Fiscal deficits should be limited to 3pc of national revenue under the no-bailout rule, which is designed to protect eurozone members like Germany who are more solvent from those less creditworthy. The Stability and Growth Pact also requires that national debt be reduced over time to 60pc.

Few people have been compliant consistently, including Germany and France. Their various violations of budget deficit limitations went unpunished, unfined.

Mario Draghi’s massive bond-buying programme, initiated in summer 2012 by the European Central Bank to save the Euro from oblivion, seemed to render the Maastricht Treaty no bailout clauses largely irrelevant. It amounted to the monetisation of mountains of government debt and thus mutualisation.

The pretense of fiscal discipline continued – up until the pandemic when the Stability Growth Pact was suspended, allowing nation states to spend as they wished to support lockdown. The plans to reimpose this pact by the end of the year were derailed due to the war in Ukraine and the massive energy subsidies put in place by governments in Europe to protect their citizens from inflationary effects.

The deadline has been extended again, until the end of the year. Fat chance. Once the floodgates were opened, it was inevitable that they would be difficult to close. Both Italy and France made it clear in their budget plans that they had no intention to make the necessary spending cuts required to bring the deficits up to the Maastricht requirements.

Giancarlo Giorgetti said in defiance last week that “we believe we’ve done the right thing.” We do not respect the 3pc limitation.”

They don’t. The 2023 deficit will rise to 5.3pc, up from the previous estimate of 4.5pc. The deficit will only improve marginally in 2024 to 4.3pc. It’s almost as if Georgia Meloni has transformed into Liz Truss. She’s not interested in fiscal rules and is determined to resist the recessionary effects of imposed fiscal contract.

France has also resisted the kind of cuts in spending that are needed to bring the deficit under control. Not only them. At least half of the eurozone’s members are expected to fall short of the 3pc threshold next year.

In the case of Italy, yields soared and spreads increased, returning to levels that were prevalent in the aftermath of the mini-banking crises in America earlier this year. Credit risk suddenly returns to the table.

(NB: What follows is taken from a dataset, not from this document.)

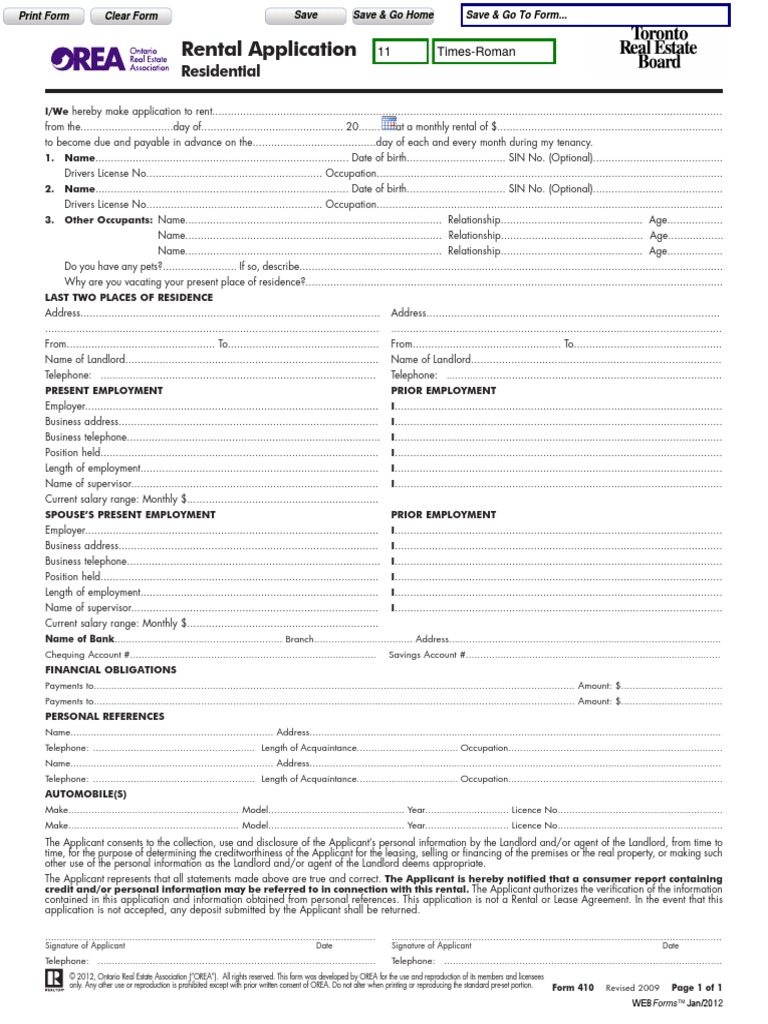 Rental Application Residential 410 | PDF | Landlord | Renting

The UK is not immune to the effects of higher interest rates, despite having a slightly higher rate of growth than most of Europe. The Government’s debt service costs have risen to their highest levels since the immediate post-war period, both in terms of government revenue and GDP.

The UK has its own currency, which acts as a natural mechanism for adjustment. A lower exchange rate can help absorb some of the pressure from “higher and longer”. In the eurozone where recessionary forces are gaining strength on all sides, particularly in Germany’s industrial heartlands, there is no relief.

It is curious that Germany, unlike France and Italy, has more than enough fiscal room to combat a shrinking economic with tax cuts and increased spending. Germany’s infrastructure is in dire need of repair, but it still cuts back on spending.

The ruling coalition in Germany shows no sign of wanting to break from the political consensus on “black zero”, which is running balanced budgets. Fiscal policy will tighten even more as a result of the current situation, which is a contraction in the economy.

Bring on the higher interest rates. This is the attitude of Berlin’s top brass. Low rates are only for sissies. He boasted that in the 1970s we built a lot of housing when interest rates were 9.5pc. Money was saved in the 1970s. “Irrespective of interest rates, the problem is not with interest rates”.

They are only sort of, because despite the fact that ultra-easy monetary policies saved the euro more than a ten years ago, rising prices have closed those options. Now, the only thing keeping the recessionary wolf at bay is the fiscal incontinence fueled by debt of Germany’s neighbors.

We will have to wait and see how tolerant the Germans can be. According to the results of the polls for Alternative for Germany, the answer may not be very much. The higher-for longer policy is threatening to rekindle Europe’s centrifugal force.